3. Describe ACRL in three words: Community, collaborative, and engaging.

4. What do you value about ACRL? As a fairly new member to the library profession, I have found the association to be extremely valuable for my professional development, networking opportunities, and learning about best practices in the various areas of academic librarianship. I received a scholarship to attend my first ACRL conference in Portland this year. It was an amazing experience and I was able to reflect on my pedagogical skills and network with other academic librarians interested in critical information literacy, diversity, and faculty/staff collaborations.
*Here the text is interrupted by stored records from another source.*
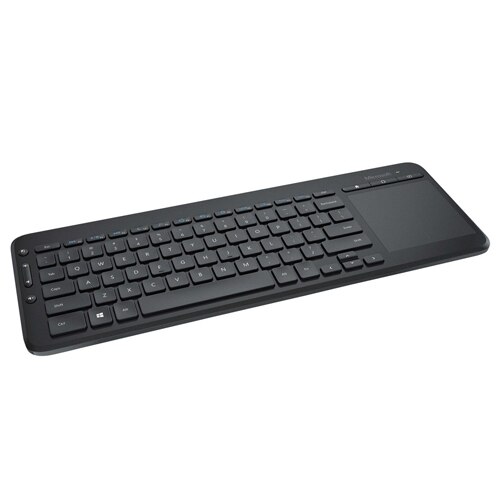 Microsoft All-in-One Media Keyboard - 2.4 GHz - Canadian French 1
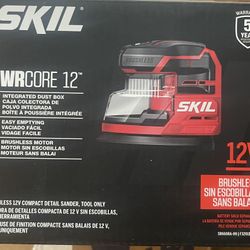 Skil 12v Sander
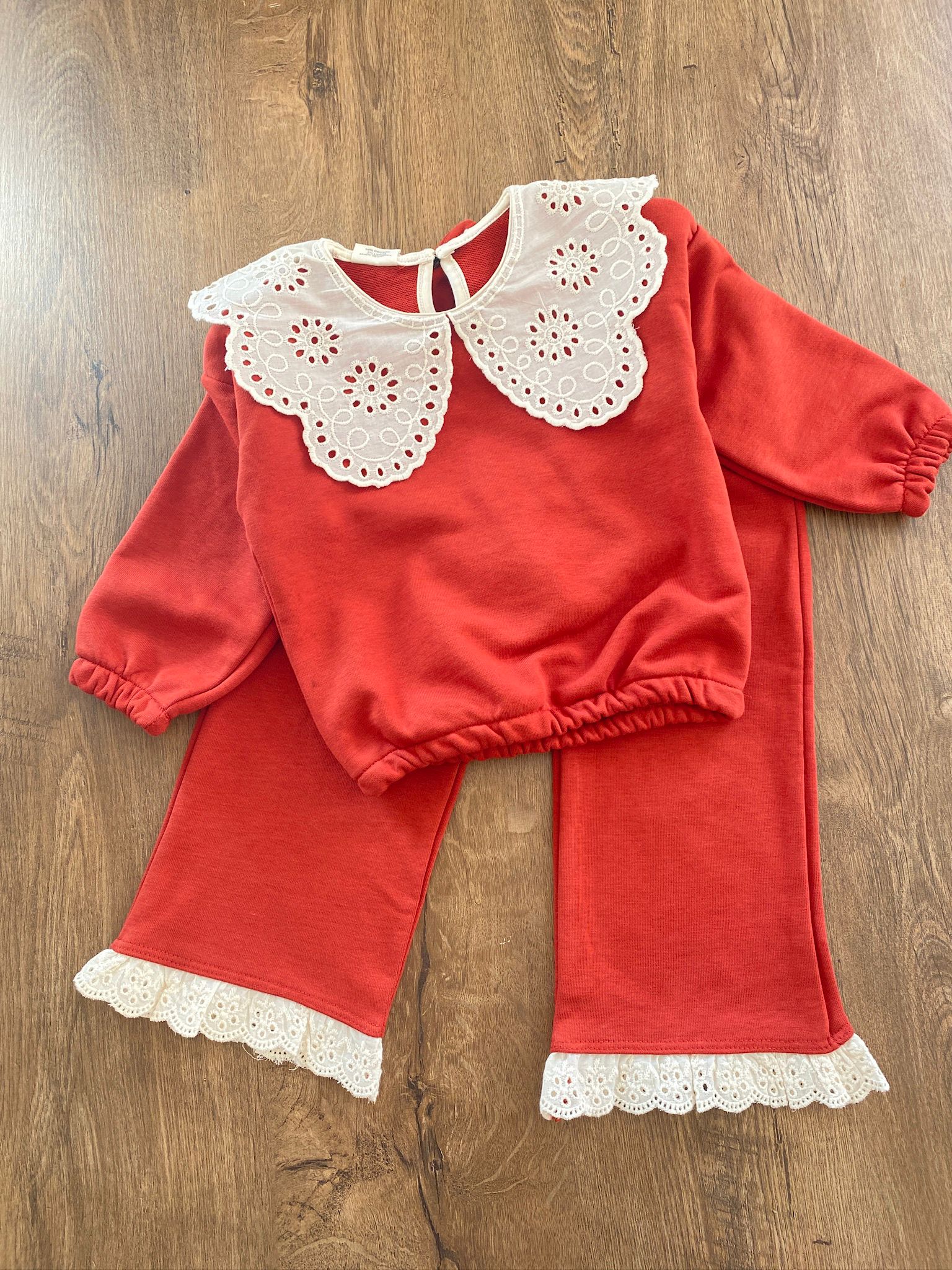 Kız Çocuk Alt Üst Takım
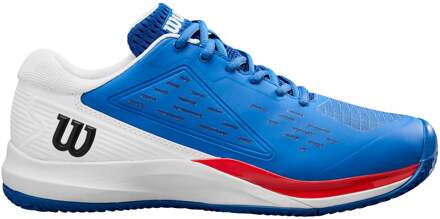 Wilson Rush Pro Ace Tennisschoenen Heren-Blauw - 40,40 2/3,41 1/3,42,42 2/3,43 1/3,44,44 2/3,45 1/3,46,46 2/3,47 1/3,48,49 1/3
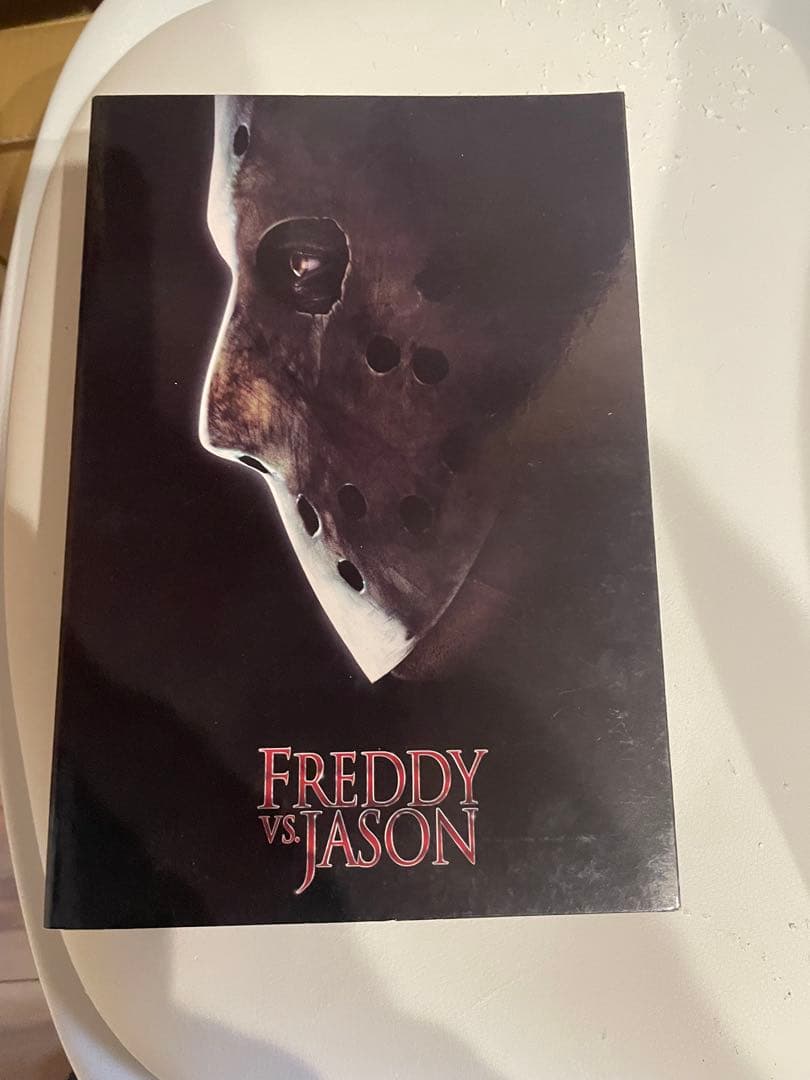 NECA フレディー VS ジェイソン 7インチ フィギュア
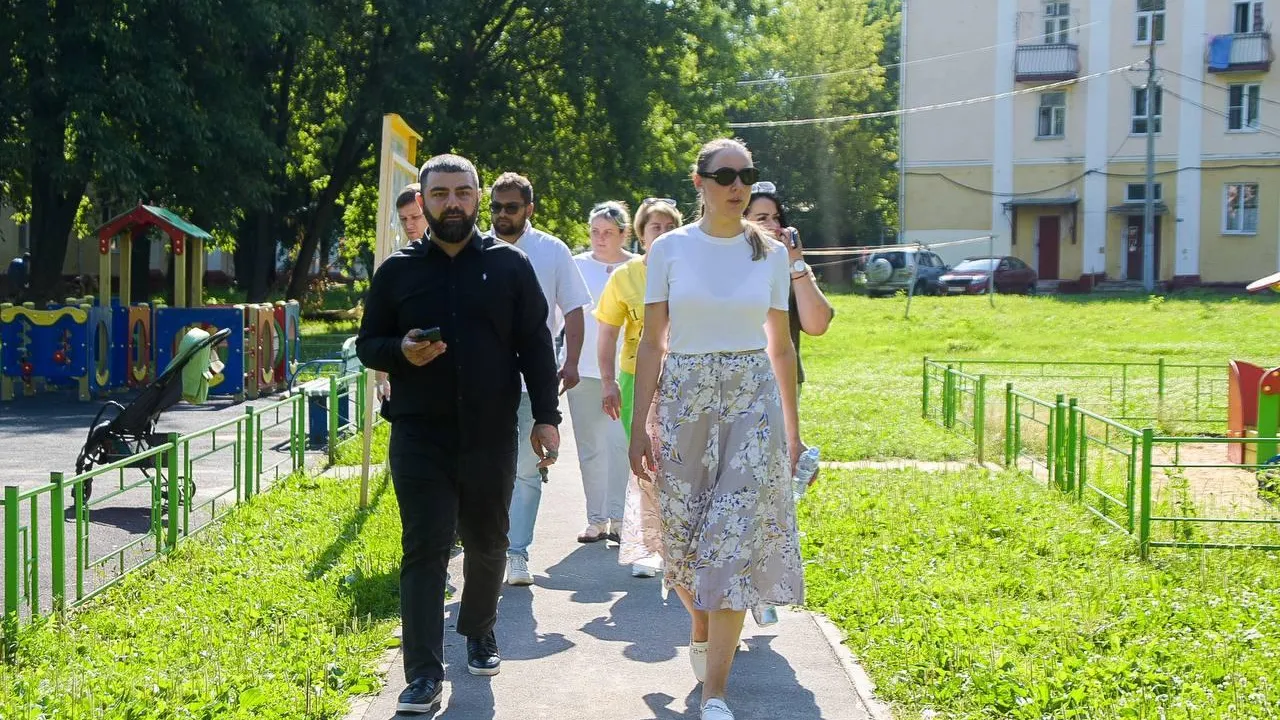 Фото: администрация г.о. Подольск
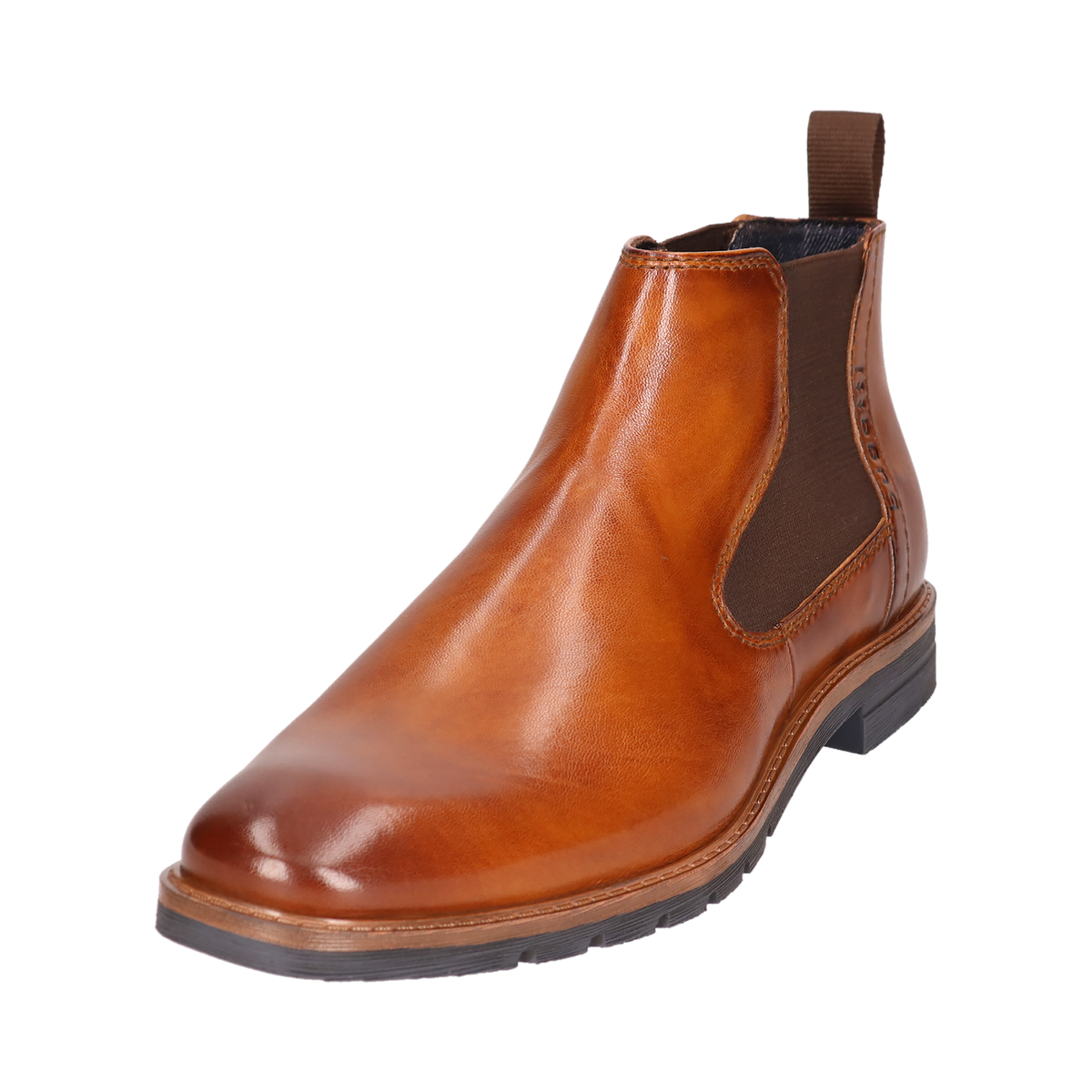 Bugatti Leather Boot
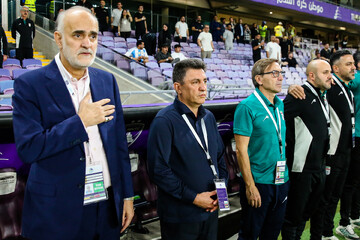 دیدار تیم‌های ملی فوتبال ایران و کیپ‌ورد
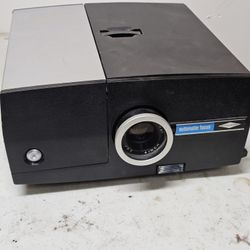 Sawyer's Rotomatic Slide Projector
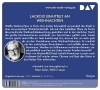 Buchcover und Innenansicht für das Buch: Lacroix und die stille Nacht von Montmartre. Sein dritter Fall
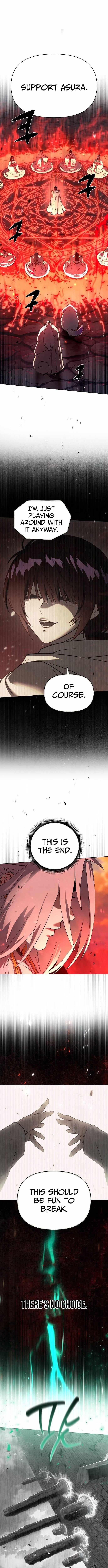 Reincarnated into a Cursed Game Chapter 56 — Page 3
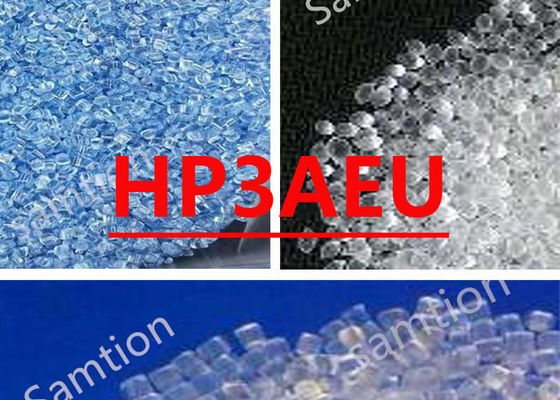 رزین S-Plastic  HP3AEU پلی کربنات جریان متوسط است. برای دستگاه های پزشکی و کاربردهای داروسازی. مراقبت های بهداشتی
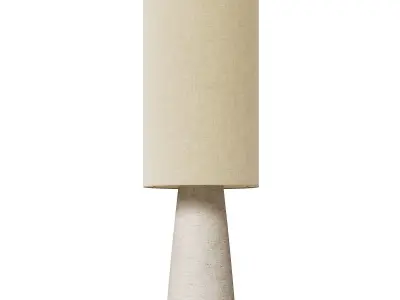 Clu Living lamps Pedro and Petra 3D model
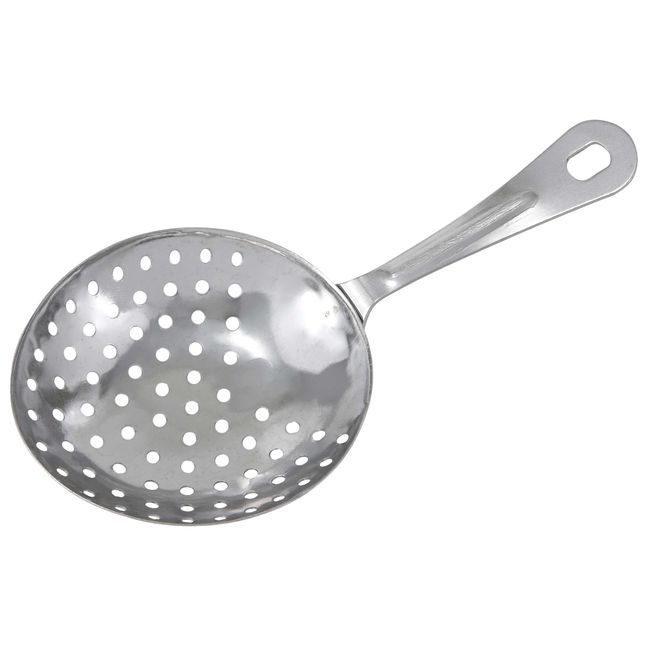 Winco Stainless Steel Julep Strainer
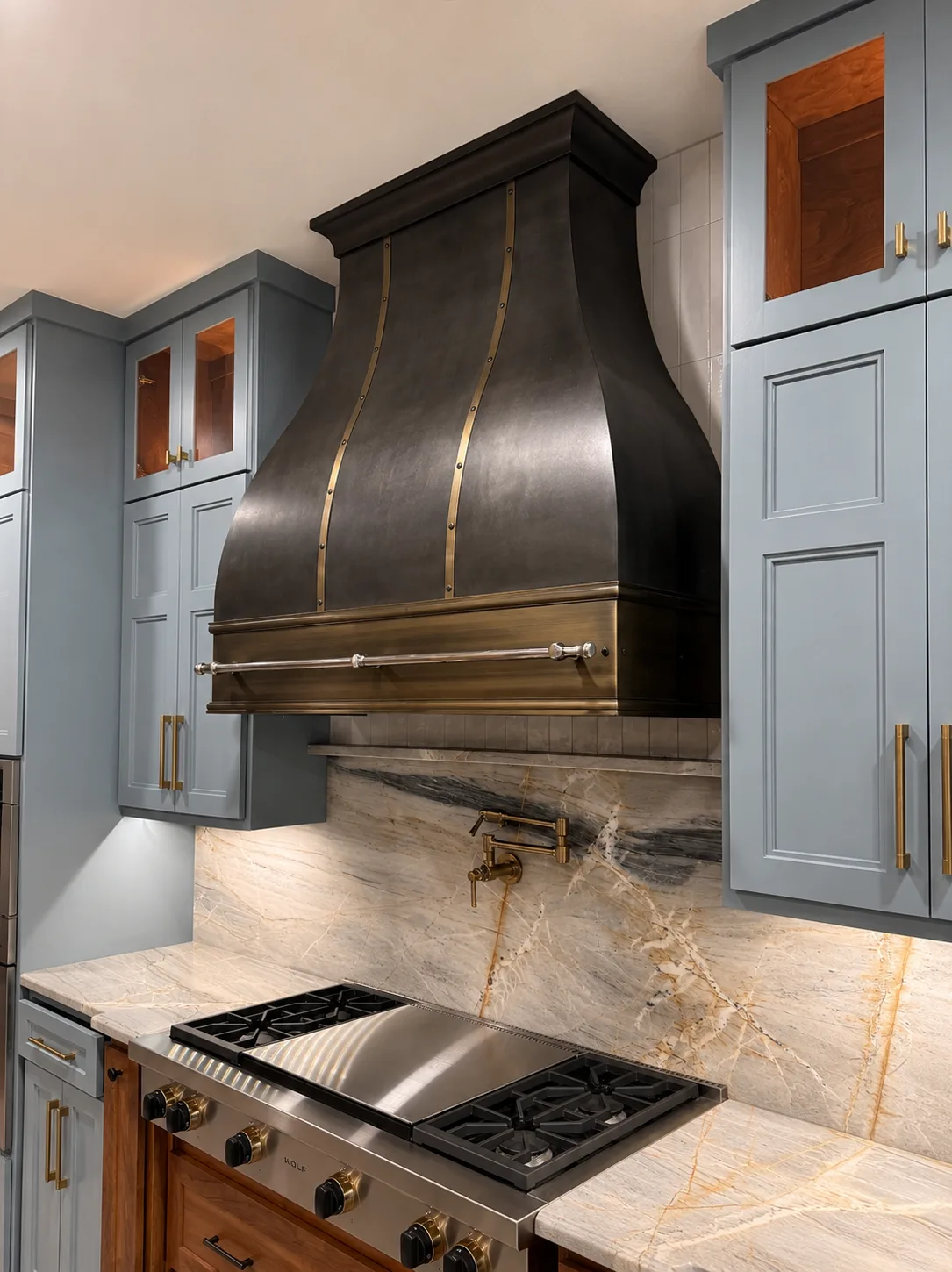 Grapevine Custom Kitchen Remodel - Image 2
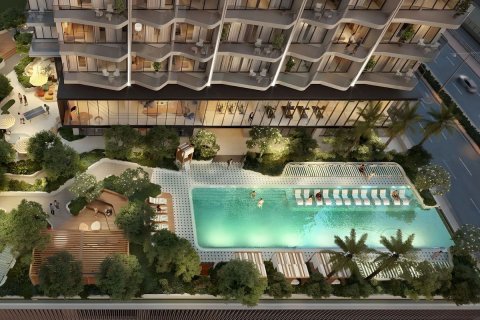 Byt v Dubai Marina, SAE 37.3 m² Č.: 575109 - fotografie 12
5. What do you, as an academic librarian, contribute to your campus? As a reference and instruction librarian, I provide reference assistance at a reference desk and support business, nursing, and kinesiology students through consultations and library instruction sessions. I’m also responsible for the collection development in the business and health & wellness subject areas. I’ve also been able to build a pedagogical community with library colleagues, student affairs colleagues, teaching faculty, and students.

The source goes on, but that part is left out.